Language and Reality (Humans)

by Balance_Maintained @, U.S.A., Tuesday, April 05, 2011, 00:36 (4984 days ago) @ dhw


> On a philosophical level, nothing can be called real if it depends on observation, because no observer can guarantee the objectivity of his perception. The best we can offer, I repeat, is a consensus. My commonsense view that a rapid sequence of static states (your definition of time) exists independently of an observer is unprovable, but then so is your next point: "Real things, such as photons, we can assume exist independent of the observer because a single photon can be measured and observed." How can our measurement and observation of a photon prove that it exists independently of the measurer and observer? We measure time, we observe and comprehend the sequence of cause and effect, the changes that take place in the course of the movement from present to past. Common sense therefore enables me to "assume" (your word) that the sequence of states is real, and we call that sequence time. But on the philosophical level it is not real.
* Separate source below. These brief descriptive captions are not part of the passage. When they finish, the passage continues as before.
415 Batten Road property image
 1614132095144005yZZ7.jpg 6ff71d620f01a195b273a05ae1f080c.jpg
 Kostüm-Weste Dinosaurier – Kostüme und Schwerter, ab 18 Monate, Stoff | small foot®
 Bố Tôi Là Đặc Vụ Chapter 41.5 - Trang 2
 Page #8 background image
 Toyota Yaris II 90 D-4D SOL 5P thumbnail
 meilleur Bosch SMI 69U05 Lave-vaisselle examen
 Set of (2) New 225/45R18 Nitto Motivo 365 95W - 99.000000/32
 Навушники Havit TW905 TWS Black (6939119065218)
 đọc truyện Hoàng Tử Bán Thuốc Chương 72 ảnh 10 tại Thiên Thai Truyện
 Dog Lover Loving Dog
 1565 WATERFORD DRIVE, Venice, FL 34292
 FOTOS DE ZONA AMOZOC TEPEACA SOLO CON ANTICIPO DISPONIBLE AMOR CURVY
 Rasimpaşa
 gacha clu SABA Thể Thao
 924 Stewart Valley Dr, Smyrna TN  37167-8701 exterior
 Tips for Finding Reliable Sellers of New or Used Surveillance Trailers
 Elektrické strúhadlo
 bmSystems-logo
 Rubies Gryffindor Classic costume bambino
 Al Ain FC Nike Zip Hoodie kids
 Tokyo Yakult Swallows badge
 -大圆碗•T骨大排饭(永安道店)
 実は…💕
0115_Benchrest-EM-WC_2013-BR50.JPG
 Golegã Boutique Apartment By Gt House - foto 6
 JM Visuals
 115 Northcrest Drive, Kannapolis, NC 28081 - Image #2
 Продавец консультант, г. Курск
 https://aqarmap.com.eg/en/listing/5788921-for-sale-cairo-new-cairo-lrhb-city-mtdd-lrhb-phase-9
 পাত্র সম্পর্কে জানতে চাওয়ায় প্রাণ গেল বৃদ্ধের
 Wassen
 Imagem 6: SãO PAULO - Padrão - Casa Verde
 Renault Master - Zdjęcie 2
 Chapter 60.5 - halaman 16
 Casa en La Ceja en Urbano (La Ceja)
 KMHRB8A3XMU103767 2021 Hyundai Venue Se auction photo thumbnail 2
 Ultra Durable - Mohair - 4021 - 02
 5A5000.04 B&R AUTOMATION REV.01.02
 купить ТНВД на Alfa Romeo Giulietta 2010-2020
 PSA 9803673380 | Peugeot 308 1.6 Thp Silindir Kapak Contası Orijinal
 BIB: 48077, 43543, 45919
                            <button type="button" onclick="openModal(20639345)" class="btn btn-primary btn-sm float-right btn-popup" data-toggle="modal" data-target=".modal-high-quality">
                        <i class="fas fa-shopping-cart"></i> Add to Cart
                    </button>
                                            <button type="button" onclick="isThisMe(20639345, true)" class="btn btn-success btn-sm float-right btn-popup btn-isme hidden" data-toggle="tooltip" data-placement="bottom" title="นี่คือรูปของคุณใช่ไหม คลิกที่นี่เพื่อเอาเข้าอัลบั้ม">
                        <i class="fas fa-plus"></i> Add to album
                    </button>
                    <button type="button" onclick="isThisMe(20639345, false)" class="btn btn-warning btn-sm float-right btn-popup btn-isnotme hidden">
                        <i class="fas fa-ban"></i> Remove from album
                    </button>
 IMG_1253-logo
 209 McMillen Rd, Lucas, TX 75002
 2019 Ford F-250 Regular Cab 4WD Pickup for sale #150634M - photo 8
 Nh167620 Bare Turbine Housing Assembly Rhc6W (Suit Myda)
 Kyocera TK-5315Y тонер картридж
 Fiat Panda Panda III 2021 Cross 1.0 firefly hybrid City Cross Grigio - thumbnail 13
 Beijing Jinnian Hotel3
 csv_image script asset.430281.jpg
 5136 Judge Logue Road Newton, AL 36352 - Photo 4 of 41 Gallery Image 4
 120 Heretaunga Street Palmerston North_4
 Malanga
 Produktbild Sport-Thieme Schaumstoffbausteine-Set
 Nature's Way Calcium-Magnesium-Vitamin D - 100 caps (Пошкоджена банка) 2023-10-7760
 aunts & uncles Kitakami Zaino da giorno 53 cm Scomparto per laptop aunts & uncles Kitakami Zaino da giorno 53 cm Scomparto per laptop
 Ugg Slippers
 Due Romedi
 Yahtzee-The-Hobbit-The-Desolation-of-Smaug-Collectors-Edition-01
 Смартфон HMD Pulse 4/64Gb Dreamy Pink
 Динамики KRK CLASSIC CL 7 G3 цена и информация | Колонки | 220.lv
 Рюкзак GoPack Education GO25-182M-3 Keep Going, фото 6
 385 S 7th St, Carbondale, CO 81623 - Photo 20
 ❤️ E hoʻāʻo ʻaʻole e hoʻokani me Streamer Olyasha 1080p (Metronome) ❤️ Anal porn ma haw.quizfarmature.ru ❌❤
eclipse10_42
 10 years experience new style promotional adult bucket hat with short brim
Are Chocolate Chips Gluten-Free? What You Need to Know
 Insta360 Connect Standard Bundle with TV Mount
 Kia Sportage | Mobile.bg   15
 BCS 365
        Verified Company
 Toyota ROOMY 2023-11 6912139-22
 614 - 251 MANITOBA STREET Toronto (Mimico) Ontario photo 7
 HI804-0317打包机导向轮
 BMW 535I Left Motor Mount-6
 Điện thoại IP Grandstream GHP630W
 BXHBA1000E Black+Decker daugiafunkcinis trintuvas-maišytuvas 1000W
NOTHING is real. Not even your photons.-
I was pretty good with everything that you said up to the statement in bold. The key difference between time and a photon, is that a photon is a photon is a photon. If you define a second as 1000ms and I define it as 1200ms, then our observation of the same time will produce different results. I.E. you will observe 1 second while I observe a fraction of a second. When we each observe a single photon, will each see the same photon, and that photon will not change its attributes to suit.